Edge systems need to be trustworthy, that is ideally always provide the correct functionality in the respective uncertain context. Trustworthiness itself requires predictability, safety and security.
The applications of edge computing are strongly relevant for a number of industrial domains, like civil security, defense, manufacturing, medtech, telecommunication and transportation. If edge computing systems and applications could be leveraged in such industrial domains, that would pave the way to significant value-adds for Swedish industries.
However, doing so turns out to be quite challenging. Large-scale industrial exploitation typically implies that the corresponding applications are mission-critical, for instance with respect to revenues, and/or safety-critical with respect to processed goods or human health. Therefore, corresponding edge systems need to be trustworthy and ideally always provide the correct functionality in the respective uncertain context – i.e. safe provisioning of instructions to humans, correct prediction of system evolution, timely coordination of CPS, etc.
From a fundamental research perspective the following challenges arise:
Safe machine learning
Many envisioned applications for edge computing environments will leverage supervised machine learning or reinforcement learning. Edge computing is quite suitable for such algorithms, as it can provide enough compute and storage capacity, while keeping the costs for the provisioning of these capacities low. However, today machine learning algorithms come without any performance guarantees, i.e. cannot be used directly for mission- and/or safety-critical applications. Even worse, they are susceptible to adversarial attacks even if their learned data structures are not exposed. Hence, the scalable and trustworthy application of such algorithms in the context of edge computing calls for novel ways to make machine learning safe and robust.
Safety at design- and run-time
Existing safety approaches are not applicable to the contexts of edge computing systems, as traditionally safety systems are designed for well defined, and in particular confined physical environments, like caged areas in manufacturing. However, for more dynamic or even unknown environments, established safety engineering approaches fall short. In such environments, worst-case design-time safety analysis yields overly conservative results. Instead, new, quantitative and certifiable notions of safety have to be defined and safety has to be addressed both at design- and run-time.
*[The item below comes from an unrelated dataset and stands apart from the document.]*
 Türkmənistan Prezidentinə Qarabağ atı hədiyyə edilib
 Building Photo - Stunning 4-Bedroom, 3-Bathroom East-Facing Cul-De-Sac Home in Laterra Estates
Secure links, processing and storage capabilities
Due to the tight integration between the cyber domain and the physical world, edge computing systems and applications need to predictably and securely provide low-latency communication and compute services – data integrity and confidentiality are of essence here. However, providing these features is challenging due to the heterogeneity and distributed nature of edge computing. Wireless communication requires new approaches to realize low-latency, reliable and secure links. Likewise, due to the distributed nature edge computing comes with new attack surfaces, requiring secure processing and trustable storage capabilities.
Traditionally, trustworthiness of critical systems has been achieved by worst-case design on dedicated resources, for instance for embedded systems. Nevertheless, in edge computing this approach is not sustainable as it does not scale, i.e. one cannot provide for each individual application a dedicated and closed edge computing system. Edge infrastructures will have to be shared, and they will have to be open while still being trustworthy. Only such an approach warrants scalability for the majority of applications. However, these requirements aggravate the above raised issues with respect to safety, security and predictability.